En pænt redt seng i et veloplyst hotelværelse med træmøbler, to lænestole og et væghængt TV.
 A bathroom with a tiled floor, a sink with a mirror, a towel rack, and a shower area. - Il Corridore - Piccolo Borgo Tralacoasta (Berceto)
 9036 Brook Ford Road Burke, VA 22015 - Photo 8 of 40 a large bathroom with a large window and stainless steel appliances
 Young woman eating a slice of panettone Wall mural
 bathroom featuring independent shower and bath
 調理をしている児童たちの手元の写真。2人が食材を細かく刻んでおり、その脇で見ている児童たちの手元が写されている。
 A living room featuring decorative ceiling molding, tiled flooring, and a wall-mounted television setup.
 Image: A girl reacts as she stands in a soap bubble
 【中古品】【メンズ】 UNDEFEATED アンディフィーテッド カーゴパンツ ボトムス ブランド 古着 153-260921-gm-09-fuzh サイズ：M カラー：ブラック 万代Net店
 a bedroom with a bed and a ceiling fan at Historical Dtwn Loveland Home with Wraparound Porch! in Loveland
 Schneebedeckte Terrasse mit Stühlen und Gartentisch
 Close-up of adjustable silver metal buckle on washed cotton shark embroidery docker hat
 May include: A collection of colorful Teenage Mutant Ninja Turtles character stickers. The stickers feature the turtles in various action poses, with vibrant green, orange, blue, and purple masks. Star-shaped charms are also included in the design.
***
Take every line above that includes the string "shower" and return it.

Response:
 A bathroom with a tiled floor, a sink with a mirror, a towel rack, and a shower area. - Il Corridore - Piccolo Borgo Tralacoasta (Berceto)
 bathroom featuring independent shower and bath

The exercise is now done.